Sonntag, Januar 02, 2005

European Superiority?

I've just sent this to the folks at Powerline for this particular post and thought I'd make some amends for not having written much in the last several weeks...

Hi -

I've been living in Europe now for almost 20 years (did my graduate degree here, then worked in Switzerland for 6 years and have been working in Germany now for the last 7 years for Europe's biggest private economic and financial research institute as econometrician, industrial forecaster and rater of closed real estate investment funds in Germany). Hence I feel somewhat qualified to speak out on these matters... :-)

I've seen those books you mentioned yesterday. I'm intimately familiar with the European economies, especially on the supply side of economic development (GDP is created by the supply side; most economists only pay attention to the demand components of GDP, since it's a *lot* easier to understand where the value added is spent, instead of where it is created!), and there huge problems with the European economies that make me simply shake my head in wonder when anyone speaks of "European superiority".

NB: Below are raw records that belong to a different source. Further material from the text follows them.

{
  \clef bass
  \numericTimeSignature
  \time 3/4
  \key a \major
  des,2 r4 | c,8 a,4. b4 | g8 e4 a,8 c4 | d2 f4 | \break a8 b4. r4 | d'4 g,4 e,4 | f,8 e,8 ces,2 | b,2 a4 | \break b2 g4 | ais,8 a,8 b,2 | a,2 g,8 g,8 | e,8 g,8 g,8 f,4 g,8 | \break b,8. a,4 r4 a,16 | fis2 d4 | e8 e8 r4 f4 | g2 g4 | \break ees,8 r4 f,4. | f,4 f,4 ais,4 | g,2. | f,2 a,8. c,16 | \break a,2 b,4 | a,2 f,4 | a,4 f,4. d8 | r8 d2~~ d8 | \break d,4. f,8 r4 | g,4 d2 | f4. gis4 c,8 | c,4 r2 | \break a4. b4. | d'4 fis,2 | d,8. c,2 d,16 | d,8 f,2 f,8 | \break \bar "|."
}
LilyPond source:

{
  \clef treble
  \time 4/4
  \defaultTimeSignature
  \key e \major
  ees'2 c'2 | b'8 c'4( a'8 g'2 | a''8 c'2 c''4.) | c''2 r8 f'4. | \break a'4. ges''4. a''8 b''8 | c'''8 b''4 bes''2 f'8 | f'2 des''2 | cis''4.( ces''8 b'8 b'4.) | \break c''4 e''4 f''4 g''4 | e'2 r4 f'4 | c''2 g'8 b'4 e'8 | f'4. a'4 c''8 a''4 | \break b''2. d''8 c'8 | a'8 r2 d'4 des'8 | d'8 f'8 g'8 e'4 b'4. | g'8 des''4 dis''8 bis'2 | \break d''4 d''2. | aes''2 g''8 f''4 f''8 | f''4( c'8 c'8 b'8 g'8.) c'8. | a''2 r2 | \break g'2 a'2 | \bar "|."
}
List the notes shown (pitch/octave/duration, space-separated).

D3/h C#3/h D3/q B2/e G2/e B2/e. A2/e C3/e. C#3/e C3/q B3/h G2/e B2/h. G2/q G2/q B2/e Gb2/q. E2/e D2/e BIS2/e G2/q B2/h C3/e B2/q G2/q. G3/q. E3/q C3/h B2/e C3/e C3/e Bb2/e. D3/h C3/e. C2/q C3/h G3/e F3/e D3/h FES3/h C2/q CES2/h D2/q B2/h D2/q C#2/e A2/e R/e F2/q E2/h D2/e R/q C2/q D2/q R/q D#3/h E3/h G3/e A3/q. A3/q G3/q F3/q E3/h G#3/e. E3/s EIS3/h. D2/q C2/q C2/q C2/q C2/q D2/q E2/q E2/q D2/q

Let's put some of this in perspective: indeed, perspective is the operative word here. The European economies we see today have evolved according to careful planning and with a clear view of where they want to go. It's a world-view based on the events of the 20th century, the destruction that accompanied these events, and a fervent desire to avoid the social dissensions and tensions that ultimately led to WW2. Hence the development of the social state in Europe, of cradle-to-grave government control and the abdication of personal responsibility for social responsibility. The thinkers of Europe that were behind the development of Europe as we understand it were convinced that poverty, social "injustice" and above all societal dislocation were the cause of fascism and, to a lesser extent, communism. The thinking of Marx and his failed and degenerate followers is part and parcel of the European identity (I'm generalizing, of course: but I don't think I'm overdoing it), and the idea that the state is ultimately responsible for ordering society ***and*** ensuring that there are no societal dislocations that destroy the existing structures of political stability and economic wealth cannot be avoided in virtually all aspects of European political life.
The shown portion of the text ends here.